On August 15, Correa scrapped the plan citing poor follow-through from the international community.

The world has failed us, he said, calling the world's richest countries hypocrites who emit most of the world's greenhouse gases while expecting nations like his to sacrifice economic progress for the environment.

Through an executive order, he liquidated the Yasuni-ITT trust fund formally ending the initiative. During the six-year history of the initiative, only US$336 million had been pledged, Correa said, and of that only US$13.3 million had actually been delivered.

Correa also said he had commissioned economic, legal, and technical studies on drilling in the region in preparation for the national assembly formally opening the park to drilling.

He said expanding Ecuador's oil production was essential to furthering his economic projects that have won him widespread support among the nation's poor.

He said the drilling would affect only 1% of the Yasuni basin.
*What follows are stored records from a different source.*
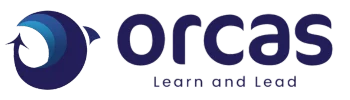 orcas-logo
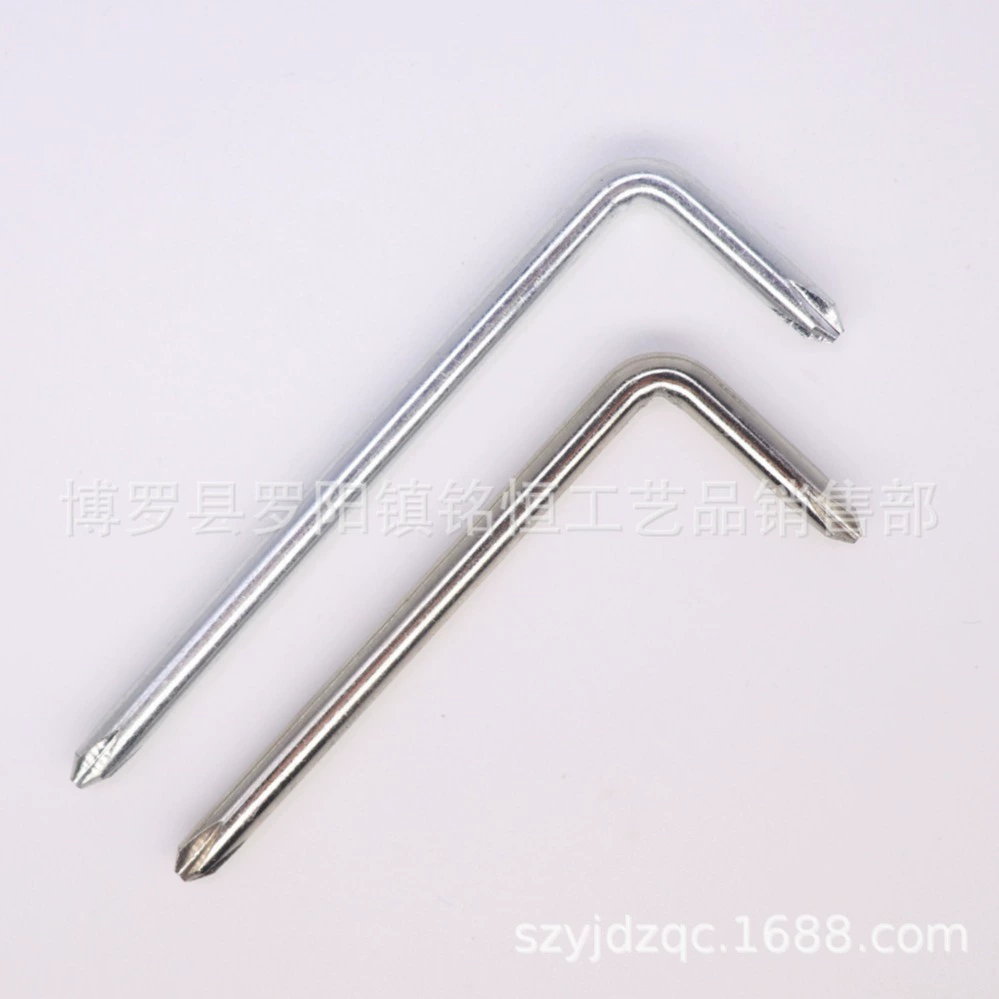 Screwdriver, wrench, 3mm, 4mm, 5mm, 3mm, 4mm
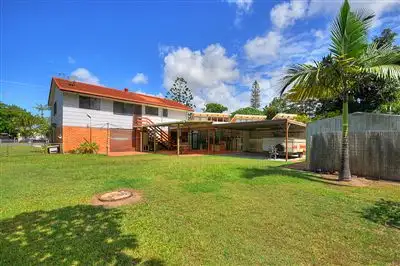 Second view of Homely house listing, 7 Elizabeth Street, Currumbin Waters QLD
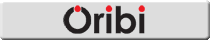 Oribi AB, Lund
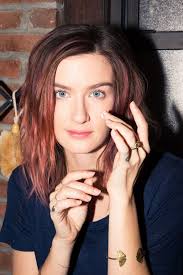 Inside Anna Wood S Beauty Routine Beauty Routines Morning Beauty Routine Beauty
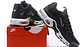 Air max plus Tn black & white - Miniatura 5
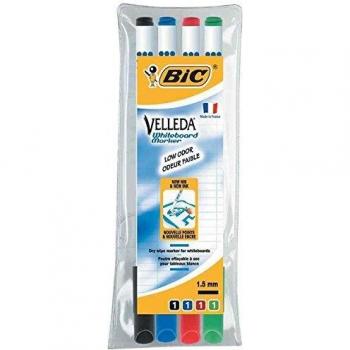BIC 1199001724 - Marcador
A spokesperson said the drilling could be conducted without damaging the environment. Environmentalists strongly objected to opening the park to oil exploration.

Hundreds of protesters gathered outside the presidential palace after Correa's announcement. Indigenous people and environmentalists called for a national referendum on the issue.

This referendum called the Yasuní-ITT Initiative was enacted in 2007, and by 2009 pledges of support from around the world came to around 1.7 billion dollars.

The money pledged insured that it would be possible to fund the initiative, with support from the international community. Oil production accounts for one-third of Ecuador's national budget.

Colonization, deforestation, illegal logging, and unsustainable hunting are affecting the park at present.